Write out exactly the lines running from the one with "three t - shirts" to the last line of the entries, keeping both the first and the last.

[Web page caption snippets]
Content starts

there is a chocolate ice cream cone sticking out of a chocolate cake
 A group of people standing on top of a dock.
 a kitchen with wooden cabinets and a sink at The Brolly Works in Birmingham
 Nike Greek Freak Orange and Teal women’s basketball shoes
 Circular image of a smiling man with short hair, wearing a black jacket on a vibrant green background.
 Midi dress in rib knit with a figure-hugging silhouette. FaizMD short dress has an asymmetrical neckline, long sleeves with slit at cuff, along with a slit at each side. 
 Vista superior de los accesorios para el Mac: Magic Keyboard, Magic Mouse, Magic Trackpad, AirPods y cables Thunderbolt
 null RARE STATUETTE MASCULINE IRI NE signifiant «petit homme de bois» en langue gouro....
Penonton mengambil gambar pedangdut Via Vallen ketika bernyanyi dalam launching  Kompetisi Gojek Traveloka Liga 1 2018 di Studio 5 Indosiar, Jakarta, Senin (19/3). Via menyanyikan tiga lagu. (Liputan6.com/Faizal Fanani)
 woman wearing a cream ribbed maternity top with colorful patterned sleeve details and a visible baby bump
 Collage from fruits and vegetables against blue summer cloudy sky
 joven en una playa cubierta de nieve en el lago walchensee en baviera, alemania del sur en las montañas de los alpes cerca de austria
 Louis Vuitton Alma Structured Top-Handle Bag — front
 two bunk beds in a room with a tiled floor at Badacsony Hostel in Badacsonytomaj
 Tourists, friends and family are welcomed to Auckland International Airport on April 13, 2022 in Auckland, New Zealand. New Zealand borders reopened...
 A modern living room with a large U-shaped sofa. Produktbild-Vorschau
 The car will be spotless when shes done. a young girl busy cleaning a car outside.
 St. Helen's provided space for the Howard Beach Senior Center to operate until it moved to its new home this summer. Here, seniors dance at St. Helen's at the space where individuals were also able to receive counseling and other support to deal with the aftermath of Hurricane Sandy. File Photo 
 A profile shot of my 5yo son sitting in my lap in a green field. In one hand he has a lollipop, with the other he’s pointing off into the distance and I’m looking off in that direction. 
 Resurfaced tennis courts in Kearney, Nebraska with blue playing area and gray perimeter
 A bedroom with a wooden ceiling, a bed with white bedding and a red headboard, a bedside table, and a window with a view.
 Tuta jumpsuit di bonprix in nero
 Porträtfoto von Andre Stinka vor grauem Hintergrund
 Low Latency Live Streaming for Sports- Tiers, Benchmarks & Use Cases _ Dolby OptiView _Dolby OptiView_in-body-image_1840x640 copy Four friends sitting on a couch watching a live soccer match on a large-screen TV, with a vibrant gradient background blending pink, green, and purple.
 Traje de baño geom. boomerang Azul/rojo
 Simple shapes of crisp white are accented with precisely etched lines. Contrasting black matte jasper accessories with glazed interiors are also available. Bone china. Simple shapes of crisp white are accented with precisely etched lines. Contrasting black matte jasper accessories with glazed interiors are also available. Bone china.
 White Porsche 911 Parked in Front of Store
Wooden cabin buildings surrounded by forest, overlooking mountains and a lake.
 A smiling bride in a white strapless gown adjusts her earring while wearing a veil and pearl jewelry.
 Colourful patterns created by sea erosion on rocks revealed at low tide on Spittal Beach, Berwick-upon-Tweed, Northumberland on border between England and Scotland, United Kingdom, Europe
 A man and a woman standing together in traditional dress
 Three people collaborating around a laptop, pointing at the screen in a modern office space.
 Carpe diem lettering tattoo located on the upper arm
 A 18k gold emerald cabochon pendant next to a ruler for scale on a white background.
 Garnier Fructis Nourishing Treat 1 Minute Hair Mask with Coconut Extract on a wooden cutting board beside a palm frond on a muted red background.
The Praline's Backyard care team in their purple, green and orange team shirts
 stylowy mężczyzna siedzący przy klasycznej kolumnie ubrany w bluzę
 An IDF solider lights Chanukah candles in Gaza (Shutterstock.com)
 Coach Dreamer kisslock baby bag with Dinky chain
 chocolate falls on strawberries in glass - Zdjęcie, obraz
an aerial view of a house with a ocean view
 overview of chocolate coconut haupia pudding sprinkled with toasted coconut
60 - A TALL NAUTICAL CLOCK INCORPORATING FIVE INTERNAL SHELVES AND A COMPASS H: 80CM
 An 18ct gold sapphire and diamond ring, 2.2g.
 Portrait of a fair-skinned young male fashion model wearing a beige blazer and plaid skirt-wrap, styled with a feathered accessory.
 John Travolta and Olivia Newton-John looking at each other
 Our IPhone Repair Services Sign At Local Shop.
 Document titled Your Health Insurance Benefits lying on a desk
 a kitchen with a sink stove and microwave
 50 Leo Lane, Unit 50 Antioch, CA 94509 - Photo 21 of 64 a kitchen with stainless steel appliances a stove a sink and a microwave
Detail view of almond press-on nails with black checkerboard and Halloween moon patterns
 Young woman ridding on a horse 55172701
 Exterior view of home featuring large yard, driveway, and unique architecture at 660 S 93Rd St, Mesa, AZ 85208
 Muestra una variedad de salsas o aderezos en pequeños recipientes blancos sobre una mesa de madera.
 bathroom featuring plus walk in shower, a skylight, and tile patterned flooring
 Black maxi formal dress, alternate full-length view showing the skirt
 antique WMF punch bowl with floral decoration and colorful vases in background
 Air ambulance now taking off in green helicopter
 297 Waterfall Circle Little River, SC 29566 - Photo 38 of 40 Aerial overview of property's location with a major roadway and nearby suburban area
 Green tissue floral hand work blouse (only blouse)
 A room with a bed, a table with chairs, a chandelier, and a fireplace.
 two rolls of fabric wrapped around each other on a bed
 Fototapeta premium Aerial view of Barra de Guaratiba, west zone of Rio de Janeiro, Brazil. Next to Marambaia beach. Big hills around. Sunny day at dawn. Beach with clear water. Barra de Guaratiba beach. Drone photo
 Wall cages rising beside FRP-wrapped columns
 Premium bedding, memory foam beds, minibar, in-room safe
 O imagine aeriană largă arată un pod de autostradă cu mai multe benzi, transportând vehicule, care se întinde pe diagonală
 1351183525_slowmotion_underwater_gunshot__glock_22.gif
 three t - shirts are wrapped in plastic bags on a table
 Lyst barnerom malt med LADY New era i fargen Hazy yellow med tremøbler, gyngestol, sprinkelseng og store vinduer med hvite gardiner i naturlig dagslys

Content ends

• _Written response_
 three t - shirts are wrapped in plastic bags on a table
 Lyst barnerom malt med LADY New era i fargen Hazy yellow med tremøbler, gyngestol, sprinkelseng og store vinduer med hvite gardiner i naturlig dagslys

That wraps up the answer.